### Task to complete
All entries are to be copied verbatim, while the pictures stay out.

### Exercise data
───

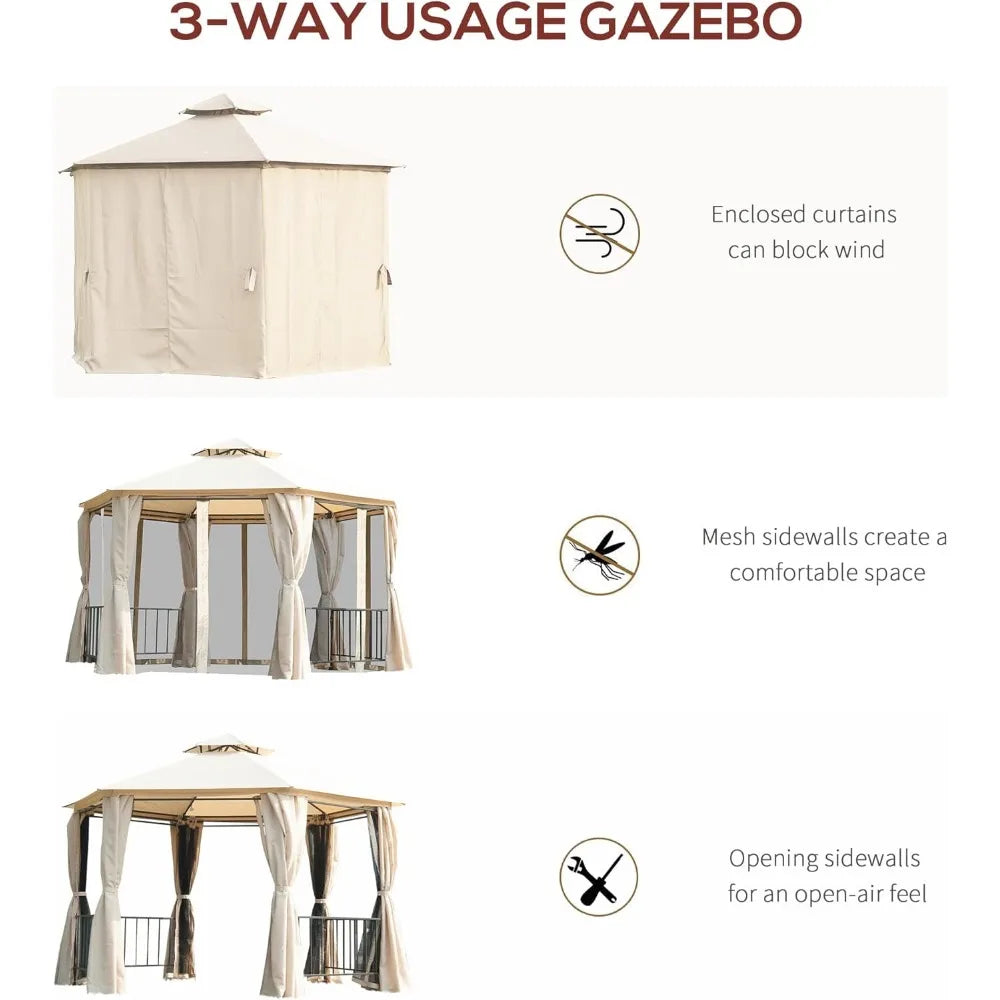 13' x 13' Patio Gazebo, Double Roof Hexagon Outdoor Gazebo Canopy Shelter with Netting & Curtains, Solid Steel Frame for Garden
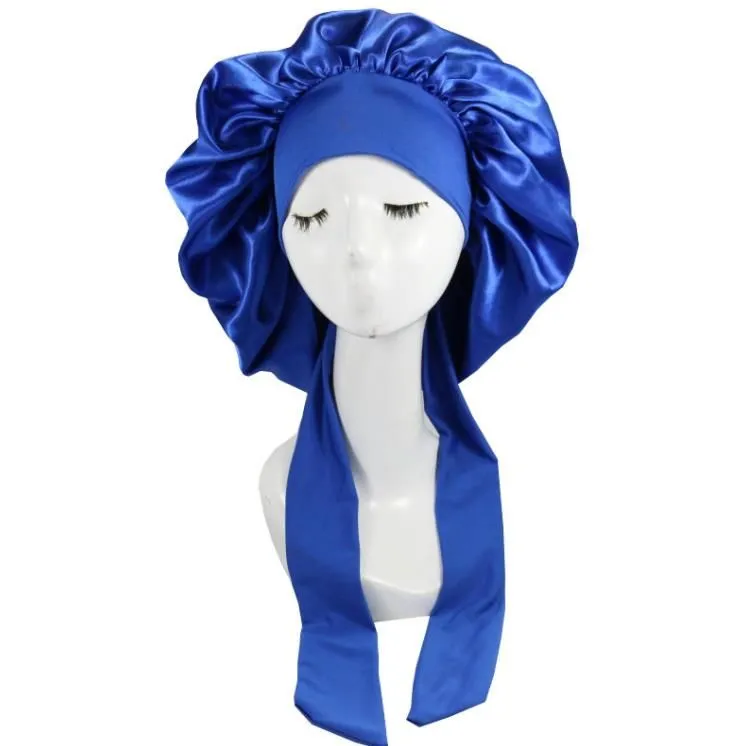 Women Satin Solid Sleeping Hat Night Sleep Cap Hair Care Bonnet Nightcap For Women-Men Unisex Cap-Bonnet De Nuit Shower Turban SN4916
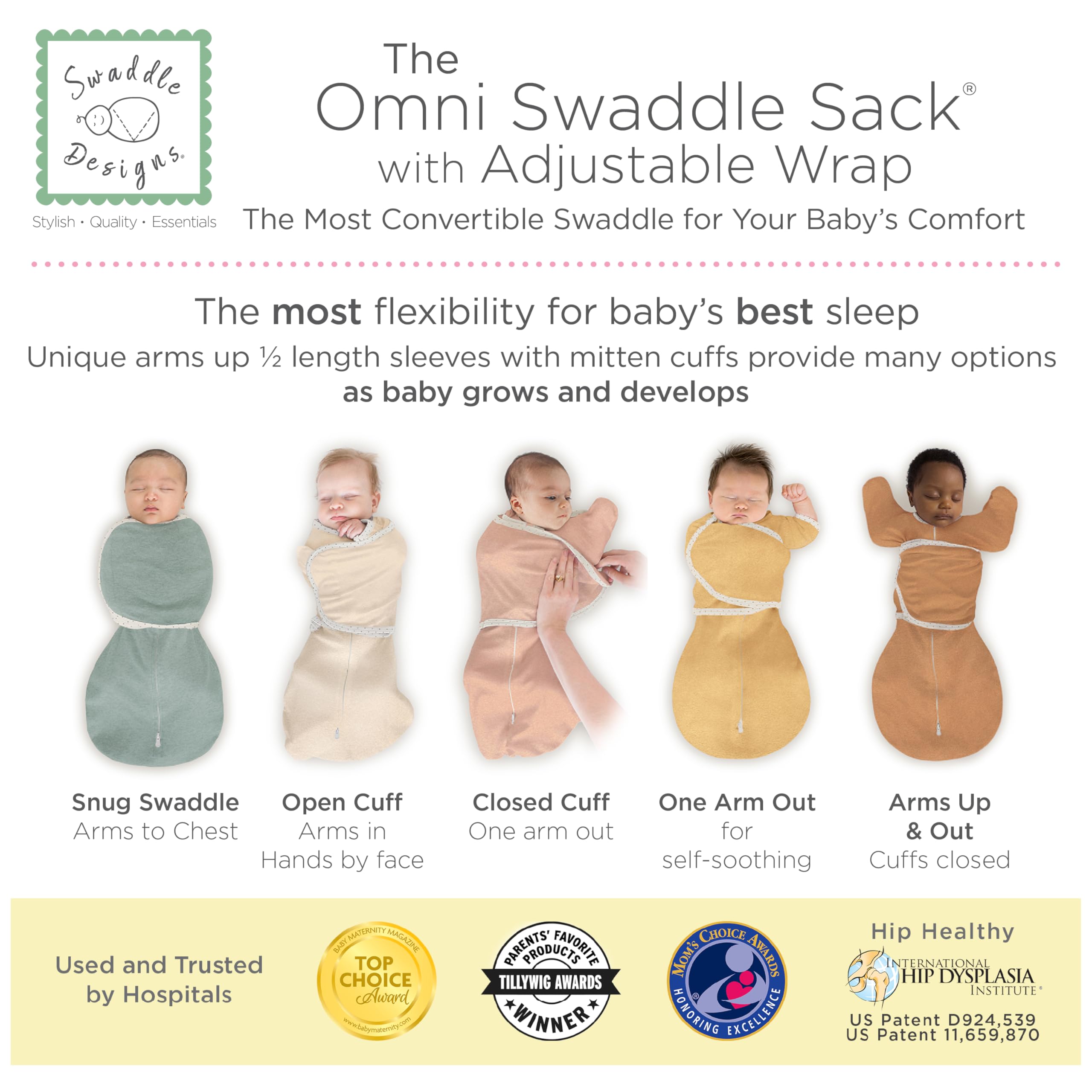 SwaddleDesigns Omni Swaddle Sack 2-way zipper enables quick diaper checks.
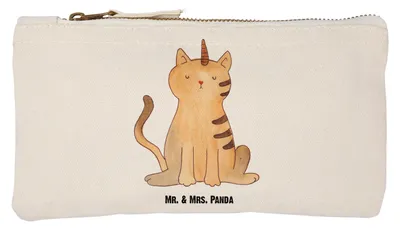 Produktbild von Mr. & Mrs. Panda kosmetiktäschchen Einhorn Katze Größe S Klein - Weiß - Geschenk, Unicorn, pencil case, Kulturtasche, Kosmetiktasche, Stoffbeutel, Pouch, Kulturbeutel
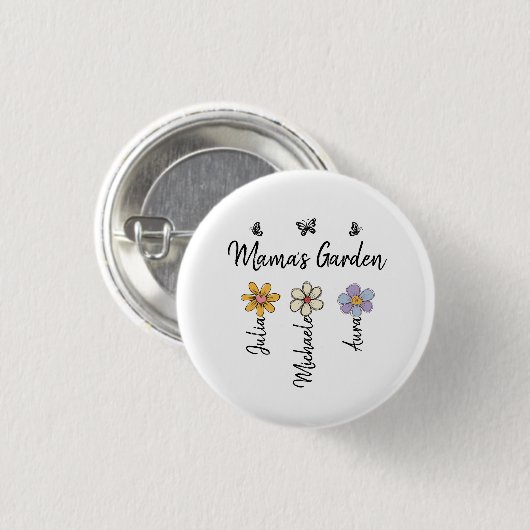 Custom Birth Flower Mug Names, Mama's Garden Gift 缶バッジ (正面&裏面)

───

### Response to the task
 13' x 13' Patio Gazebo, Double Roof Hexagon Outdoor Gazebo Canopy Shelter with Netting & Curtains, Solid Steel Frame for Garden
 Women Satin Solid Sleeping Hat Night Sleep Cap Hair Care Bonnet Nightcap For Women-Men Unisex Cap-Bonnet De Nuit Shower Turban SN4916
 SwaddleDesigns Omni Swaddle Sack 2-way zipper enables quick diaper checks.
 Produktbild von Mr. & Mrs. Panda kosmetiktäschchen Einhorn Katze Größe S Klein - Weiß - Geschenk, Unicorn, pencil case, Kulturtasche, Kosmetiktasche, Stoffbeutel, Pouch, Kulturbeutel
 Custom Birth Flower Mug Names, Mama's Garden Gift 缶バッジ (正面&裏面)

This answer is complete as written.